How to Perform Your Own DIY Mental Health Check
We might often keep a check on our physical well-being by eating healthy and going to the gym but our mental health, unfortunately, tends to be neglected or take a backseat. In the age of progressive technological advancement also comes trolls, keyboard warriors, body shaming and a host of cultural and individual inappropriation have contributed to people’s decline in mental health. Also, the sad truth is that many people are aware of their struggles yet do not seek treatment, or keep putting it off. Often, before we can verbalise what we’re feeling, our body reacts physically, to our emotions. You might notice that your jaw is more clenched or you have a pit in your stomach when you're feeling anxious. This article will aid you in methods to perform a DIY mental health check so you can seek help and take care of yourself.
Mental Health Questions To Ask Yourself
- Have I been getting sufficient zzz’s with regular bed and waking times?
- Have I been keeping to myself at work or from friends and family?
- Do I have more worries or anxiety than usual? Use a scale of 1t to 10 to quantify.
- Have I lost interest in activities and pursuits that made me happy?
- Have I felt more sad than happy lately?
- Do I feel comfortable with myself and my surroundings?

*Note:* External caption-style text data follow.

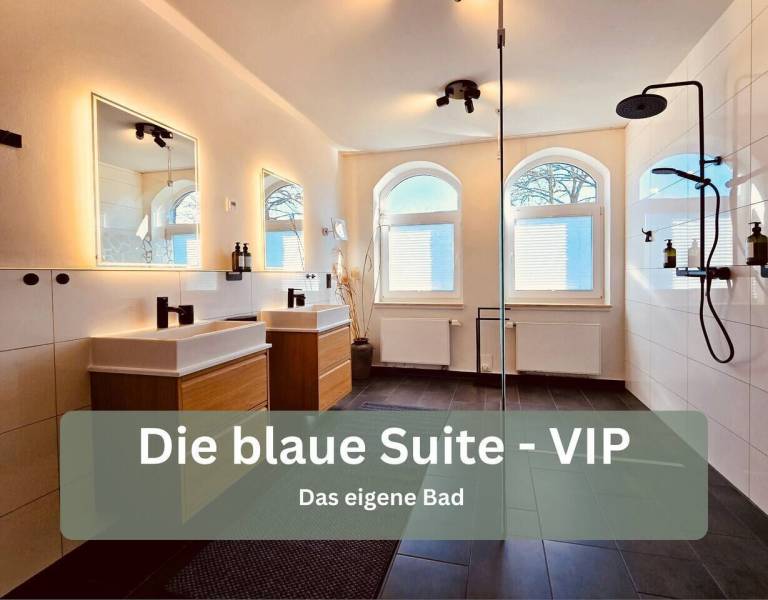 Ferienwohnung  Wilhelmshaven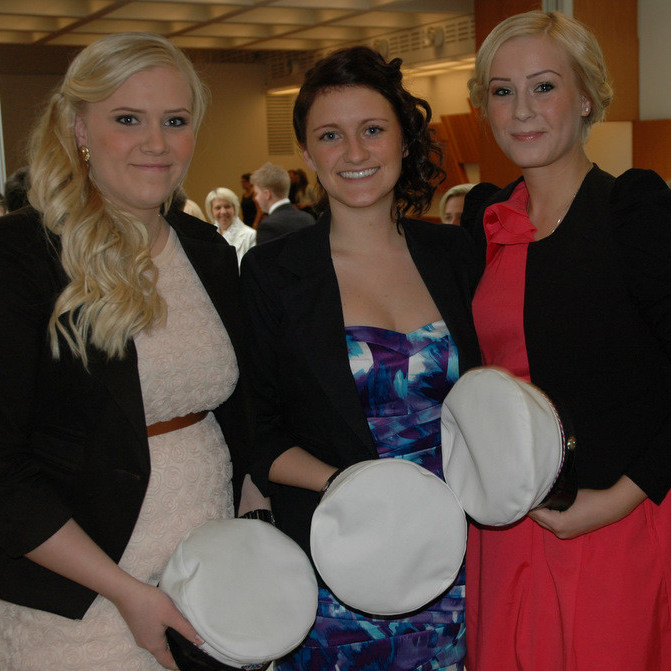 utskriftv2011dsc_0044jpg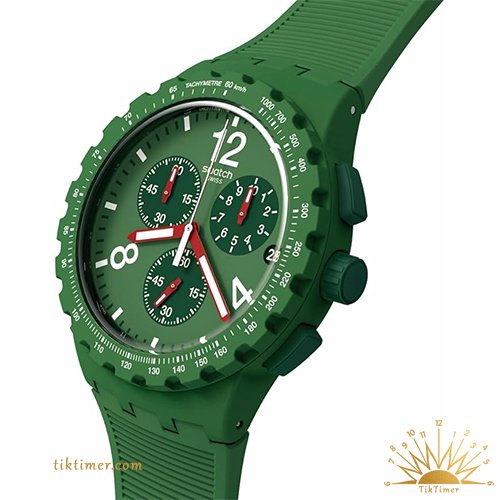 Swatch Watch SUSG407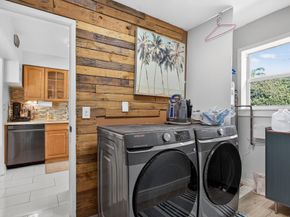 1713 W River Drive, Margate FL 33063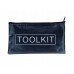 Geko Shears rechargeable do żywopłotu 520mm 2x2.0Ah 21V (4)
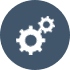 Markets Integrations Markets Integrations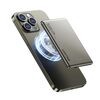 LUCKYDUO Magon：極薄モバイルバッテリーはiPhoneユーザーの救世主となるか？徹底レビュー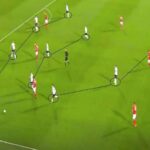 The Evolution of Bulgarian Football Tactics Over the Decades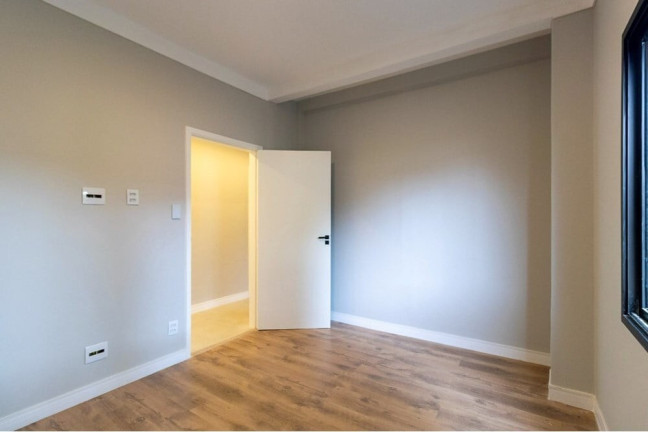 Imagem Apartamento com 3 Quartos à Venda, 85 m² em Quinta Da Paineira - São Paulo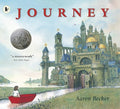 Journey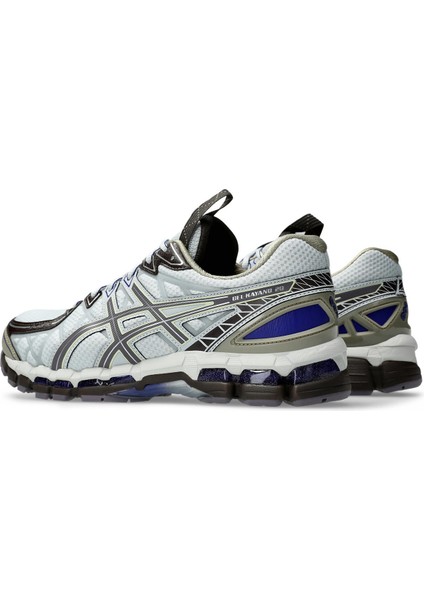UB10-S Gel-Kayano 20 Unisex Siyah Sneakers 1203A640-020 fırsatları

- Do you believe that the various aspects of your life — work, play, friends, family, self-care, exercise, and other worthwhile pursuits are properly balanced?
- Do you have trouble concentrating?
- Have you been experiencing significant mood swings, crying, or suicidal thoughts?
- At the end of the day, do you feel unduly worn out or exhausted? At the end of the week, perhaps?
- Has your appetite or eating habits changed recently?
Keep A Journal to Track and Review
It’s important to note that this list of questions is not conclusive or all encompassing. It shouldn’t make you feel like there’s something wrong with you or that you “need help” depending on your choice of answers. What’s recommended is to note down your answers in a journal so you can review them in the next 4 to 6 months. Upon tracking, it will give you a perspective that will enable you to see how things have been going for you and how you are doing over the long term.
There’s a quiet mental health stigma in the Asian culture, which is deeply attributed to its culture of honour, pride and collectivism, as well as celebrating people who toughen up and go through adversity. In the Asian culture, having mental health illness can be seen as a sign of weakness. While strength is developed from learning to have grit, there’s a problem of trying to have too much grit when you’re ignoring a problem that’s been going on for a while. It’s important to differentiate between determination and seeking help when you need it. These days, there are a plethora of apps to help you with your mental health concerns if you aren’t keen on speaking to someone. Journaling has been touted as an effective outlet to express your thoughts and emotions and understand them, as well as help with depression and anxiety.
If you crave for someone to talk to, try friends and family or better yet, talk to a professional who is willing to listen and create a safe expressive space for you. Always remember that you’re not alone and help is readily available if you seek it.